Baştan söyleyelim… Cumhurbaşkanı seçimi için gereken yüzde 50+1 barajının inmesi mümkün değildir. Bu düşünce, teklif veya temenninin siyasi anlamı da yoktur. Ama seçim kazanmak böyle ince hesaplara kaldıysa durum son derece ciddi demektir. Muhalefetin çok aday çıkarma lütfuna kalan bir hesabın siyasi netice alması ihtimal dışıdır.

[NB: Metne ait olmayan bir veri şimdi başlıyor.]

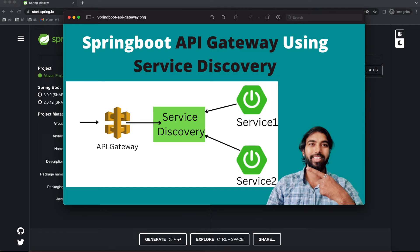Hi guys, welcome back to Coding World. Today in this video we are going to see one more small tutorial regarding Spring Boot. In this we are going to create an API gateway and using service discovery, so we are creating a small microservice project in which we are going to add an API gateway, and between your API gateway and your services we are placing service discovery.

Anlaşılan o ki Cumhurbaşkanı, çok istediği ve bütün eleştirilere kulak tıkayarak kabul ettirdiği başkanlık sisteminin, parlamenter sistemde oy oranıyla sınırlanmayan ve çok daha garantili olan iktidar imkanını nasıl riskli hale getirdiğini pek düşünmemiş. Şimdi düşünmeye başladığında da pek sağlam bir fikir bulabildiği söylenemez. Zira, baraj ister yüzde 50, ister yüzde 40 +1 olsun, en nihayet seçimi kazanmak en yüksek oyu almak gerekir. Bu durumda barajın inmesi bir işe yaramaz. Yerel seçimlerde baraj yoktu ve Millet İttifakı büyükşehirleri almayı başardı. Kazanan takım ve kazanan taktik ortadayken; baraj kalkacak olsa bile muhalefetin cumhurbaşkanlığı seçiminde Erdoğan’ın istediği gibi çok adayla seçime girmesi sıfır ihtimaldir. Erdoğan’ın varsayımı, son günlerde iktidar kanadı tarafından çokça dile getirilen Millet İttifakı içinde kavga olduğu duyumuna dayanıyorsa bu da pek isabetli sayılmaz. Çünkü, açıkça görünüyor ki Millet İttifakı kazanmanın kıymetini biliyor ve kendilerine kazandıran taktiğini bozmayacak kadar da siyasetten anlıyor. Yerel seçimde oluşan ve giderek gelişen siyasi üstünlüğü yakaladıktan sonra, seçim sonucuna olumsuz yansıyacak bir taktik hata yapmayacaklardır.
Erdoğan’ın baraj değişecek olsa sonucunun değişeceğine dair beklentisi, tıpkı ülkede işlerin dört dörtlük gittiğine dair analizi gibi yanlıştır. Seçim kazanabilir veya kaybedebilir ama bunun barajla ilgisi olmayacaktır. Bugüne kadar kendisine seçimleri kazandıran faktörler her ne idiyse ve bugün onlarla arasındaki mesafe neyse ona bakmalıdır.